To elucidate the relative contribution of increases in BP versus maturation on NOS, IM were isolated from a subset of rats (n=5 to 7/group) randomized to receive vehicle or titrated doses of hydrochlorothiazide (HCTZ; 10 to 55 mg/kg/day) and reserpine (0.6 to 4.5 mg/kg/day) in drinking water beginning at 6 weeks of age until 12 weeks of age to attenuate age‐related increases in BP.[20] Rats were individually housed throughout the study. Water intake and body weights were measured every 3 days and doses of drugs were adjusted as needed to maintain consistent BP lowering. BP was measured weekly in HCTZ/reserpine‐treated SHRs by tail‐cuff plethysmography (IITC Life Sciences, Inc, Woodland Hills, CA), as previously described.[21]

A subset of female SHRs (n=8 to 12/group) underwent OVX as previously described[18] at either 5 or 10 weeks of age, and OVX was confirmed as previously described.[22] OVX was performed at 2 ages to determine whether the timing of OVX, before or after sexual maturation, impacted the experimental outcome. In both cases, animals were allowed to age 8 additional weeks; therefore, tissues were collected at 13 and 18 weeks of age, respectively.

At the end of all studies, rats were anesthetized with ketamine/xylazine (50 and 6 mg/kg intraperitoneally, respectively; Phoenix Pharmaceuticals, St. Joseph, MO), kidneys were removed, and the renal IM was dissected from each kidney and snap‐frozen in liquid nitrogen.

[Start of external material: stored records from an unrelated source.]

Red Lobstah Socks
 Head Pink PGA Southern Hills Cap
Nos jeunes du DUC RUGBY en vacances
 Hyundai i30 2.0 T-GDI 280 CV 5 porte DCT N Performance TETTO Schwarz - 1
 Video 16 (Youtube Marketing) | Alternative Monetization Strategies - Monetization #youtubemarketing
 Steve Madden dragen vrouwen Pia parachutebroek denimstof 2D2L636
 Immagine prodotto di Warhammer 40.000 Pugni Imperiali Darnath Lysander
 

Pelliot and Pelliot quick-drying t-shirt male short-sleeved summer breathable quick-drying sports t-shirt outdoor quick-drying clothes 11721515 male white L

Measurement of Total NOS Activity and Expression

Renal IM was homogenized in ice‐cold homogenization buffer (50 mmol/L of Tris HCl [pH 7.4] 0.1 mmol/L of EDTA, 0.1 mmol/L of EGTA, 250 mmol/L of sucrose, and 10% glycerol) in the presence of protease inhibitors (1 mmol/L of PMSF, 1 μmol/L of pepstatin A, 2 μmol/L of leupeptin, and 0.1% aprotinin), and the homogenate was used for NOS activity assays and Western blot protocols. NOS activity was determined as previously described[5] and is based on the rate of L‐[3H]citrulline formation from L‐[3H]arginine and defined as L‐[3H]arginine to L‐[3H]citrulline conversion inhibited by the nonselective NOS inhibitor, Nω‐nitro‐l‐arginine (l‐NNA; 1 mmol/l). NOS activity was normalized to milligrams of protein and expressed as pmol/mg protein/30 min. Cerebellum from Sprague‐Dawley rats was assayed as a positive control.[5,18] Three separate experiments were conducted to measure NOS enzymatic activity using distinct sets of rats to directly compare the effects of sex and maturation, HTN, and female sex hormones on NOS activity. Activity assays were not run simultaneously in all 3 experimental protocols owing to the small amount of inner medullary tissue available in each study; therefore, the results do have assay‐to‐assay variability among the 3 study groups.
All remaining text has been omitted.